Access Bank Wins Women Market Champion Award 2015

Access Bank Plc has received the Global Banking Alliance for Women Market Champion 2015 Award in recognition for its innovative approach to banking women across the shores of the country.

The bank also restated that its W Awards, the first of its kind in Nigeria,
seeks to recognise and celebrate Nigerian women, home and in the Diaspora, who have impacted the Nigerian economy and their immediate environment positively.

During the 14th Annual Summit of the Global Banking Alliance (GBA) for Women in Sao Paulo, Brazil, Access Bank bagged the award for the Women’s Market Champion 2015 alongside banks across the world which had implemented successful women market programmes.

This award is coming on the heels of the one-year anniversary of the bank’s W
initiative which was launched in Nigeria and subsequently in the Bank’s
subsidiaries.

The World Bank Group’s Women, Business and the Law 2016 Report

The World Bank Group’s Women, Business and the Law 2016 report has acknowledged Nigeria alongside Kenya and Ethiopia as countries with “very few barriers” to women’s entrepreneurship and employment in the areas monitored.

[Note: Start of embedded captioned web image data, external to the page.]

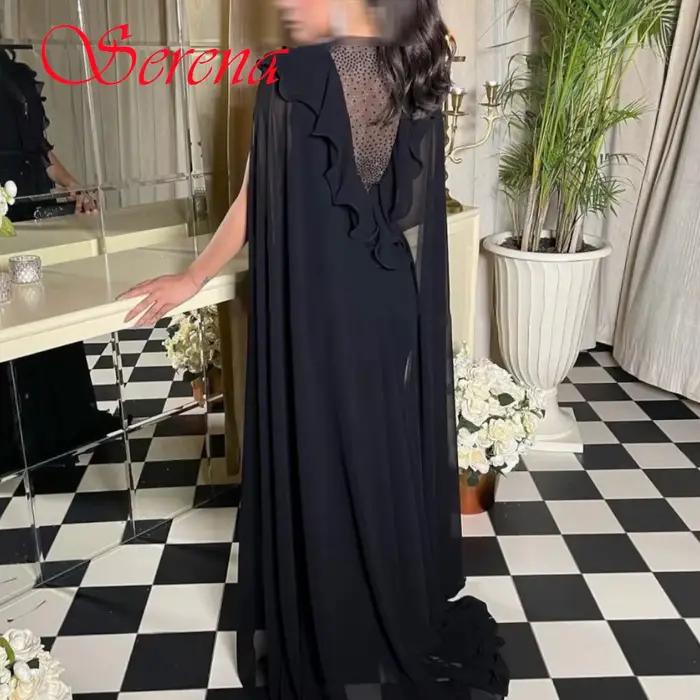 Robe de soirée en mousseline de soie noire, personnalisée, de haute qualité, élégante, gracieuse, col ras du cou, manches longues, robes de célébrité, robe de bal classique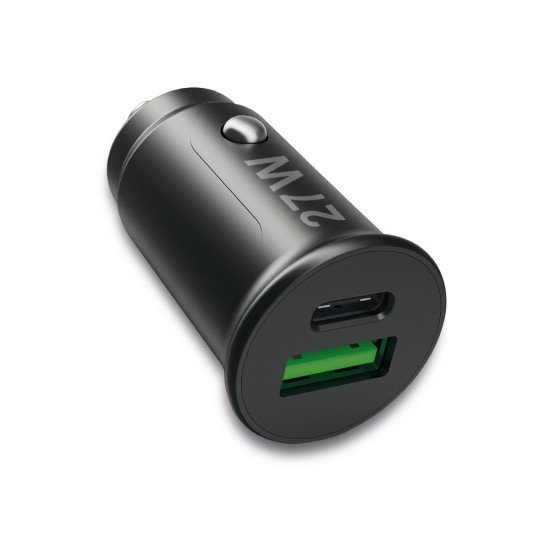 Car Charger Lito USB-A + Type-C, 27 Watts black Power Delivery, Fast Charge 3, max 3.A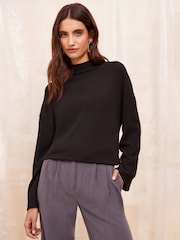 Friends Like These Black Long Sleeve Cosy Funnel Neck Top - Image 1 of 4
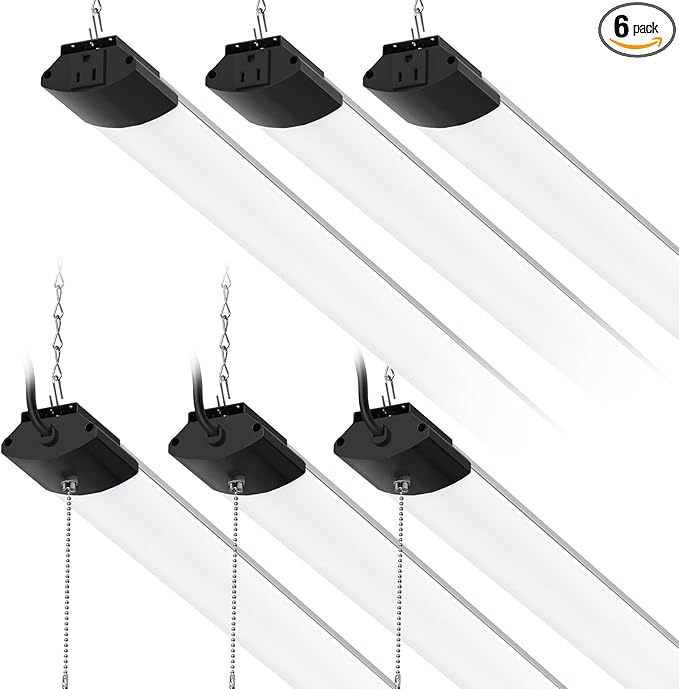 Barrina BS168 168W 8FT LED Shop Lights, 16800LM, 5000K, High Output, Linkable, LED Shop Light for Garage, Workshop, Warehouse, Hanging or Ceiling Mount with Pull Chain Switch, 6 Packs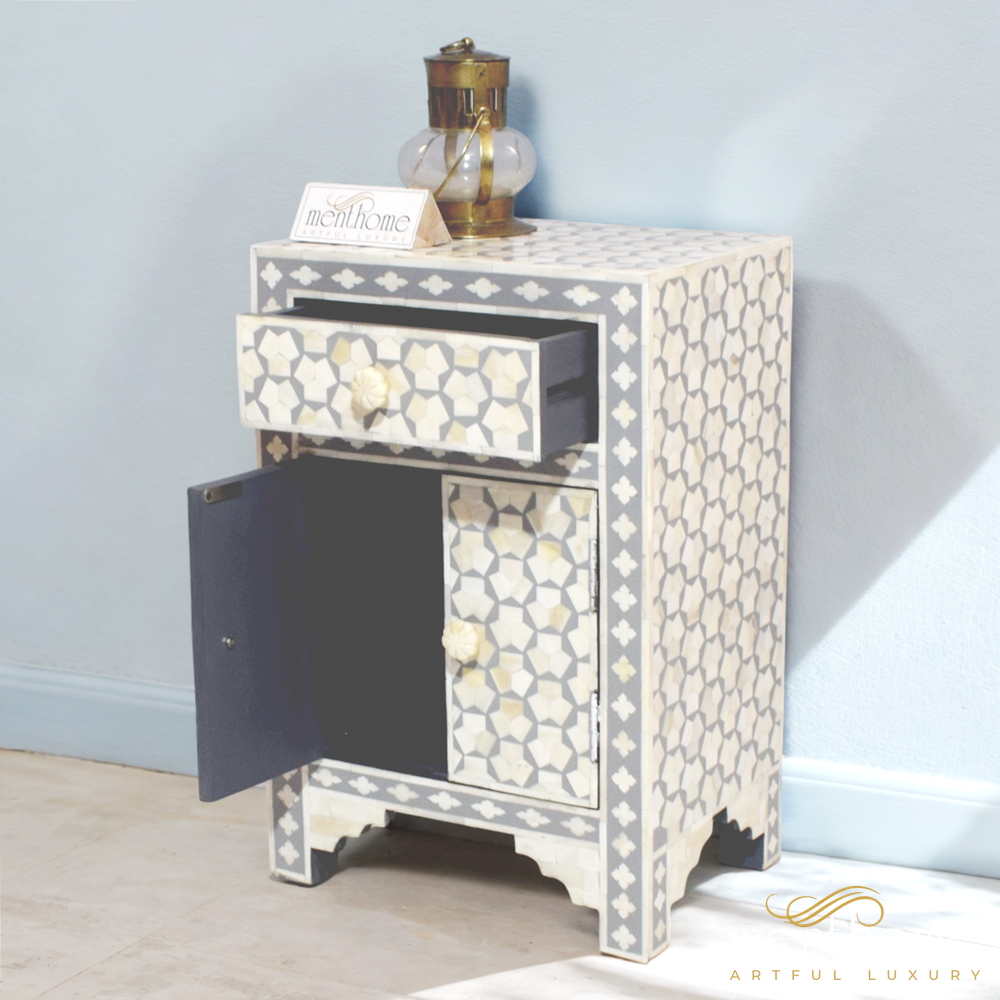 Targua pattern Bedside table Grey Bone Inlay 1-drawer | Luxury Handmade Bedside Table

The report found that 28 of the 41 sub-Saharan African economies covered by the in the assessment continued to maintain restrictions that do not allow women to work in the same jobs as men, and added that property rights remain an impediment to wealth accumulation for women.

The Brookings’ 2015 Financial and Digital Inclusion Project (FDIP) Report

The Brookings’ 2015 Financial and Digital Inclusion Project (FDIP) report, which evaluates access to and usage of affordable financial services across 21 countries, has rated efforts by Nigeria to drive financial inclusion high. According to the report by the Center for Technology Innovation, with a total of 72 percent points.

Nigeria achieved a number nine ranking for the country’s overall financial inclusion efforts. The report analysed the financial inclusion landscape in Afghanistan, Bangladesh, Brazil, Chile, Colombia, Ethiopia, India, Indonesia, Kenya, Malawi, Mexico, Nigeria, Pakistan, Peru, the Philippines, Rwanda, South Africa, Tanzania, Turkey, Uganda, and Zambia. Countries received scores and rankings based on 33 indicators spanning four dimensions: country commitment, mobile capacity, regulatory environment, and adoption.